London Philharmonic Choir & Orchestra/Klaus Tennstedt
Ameril Gunson, Sheila Armstrong, Robert Tear & William Shimell

Recorded: Royal Festival Hall, London, May 1985/May 1986

BBC Legends - BBCL420

Of the many evocative recordings in the BBC Legends series, this one for me takes the palm for the "tingle factor"; the recreation with uncanny immediacy of the excitement of having been present for that unsurpassably exciting 1985 performance of Janáček's Glagolitic Mass (1927).

This is recording as death-denial! The soloists give their all, and there is a palpable "intensity of expression with extreme dynamics which gave Tennstedt's readings an epic character" (David Patmore). The BBCL format does not give us the words in Old Church Slavonic Glagolitic script, nor the text translation into English; but the Latin Mass is sufficiently familiar that we retain our appreciation of where we are in the Service.

Strauss' Suite makes a perfect foil; witty, delicate and rhythmically alert to every nuance in the delectable score, it re-emerges with vivid presence. Patmore (2007) tells us that whilst the play Le Bourgeois Gentilhomme with Strauss's incidental music did not establish itself as the intended prologue to Ariadne auf Naxos, the Suite has held its place in the concert hall since 1920. But is he not already out of date? Fashions change, and I have not encountered it for many a year. Concerts have become shorter, and overtures as starters are relatively infrequent to their regularity in symphony concerts of my youth.

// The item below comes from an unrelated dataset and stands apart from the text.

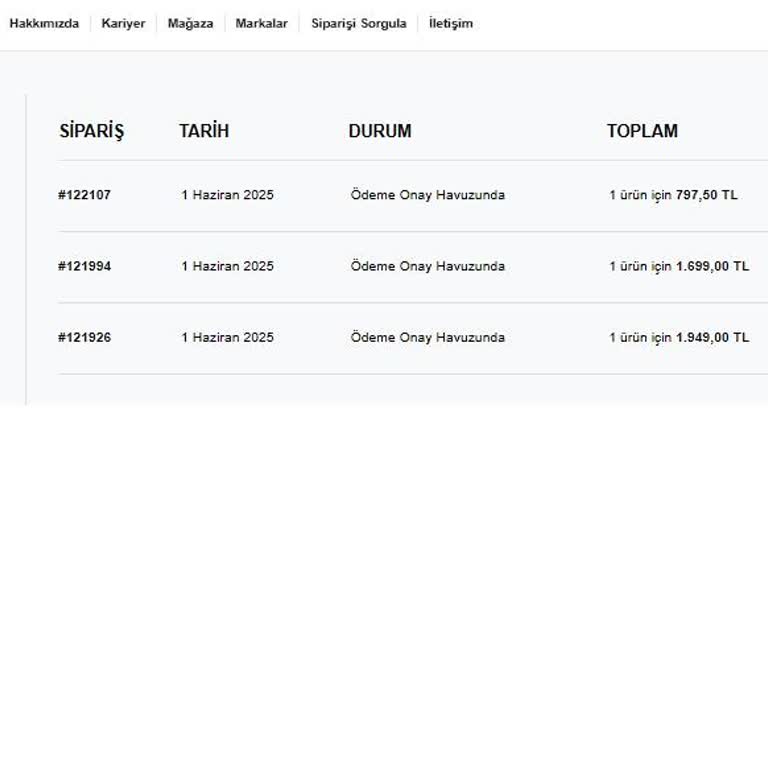 Siparişim Kargoya Verilmedi İletişim Yok Ücret İadesi Talep Ediyorum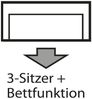 Home affaire 3-Sitzer TRIPLO optionale Schlafsofa mit Bettkasten, Maße B/T/H: 215/100/89 cm, Wahlweise Bettfunktion - Liegefläche 145x191 cm, Rücken-, Zierkissen Bild 3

I was born in the same year that the Glagolitic Mass was composed. We old-timers (likely purchasers of these recordings) like to be reminded of artists we admired in times past. Half of P.5 of the booklet is empty; it would have been good to have included amongst the credits those to the original BBC engineers for the excellent sound balance, and to have had some of the instrumental soloists named, especially the organist (Janacek) and the pianist (Strauss).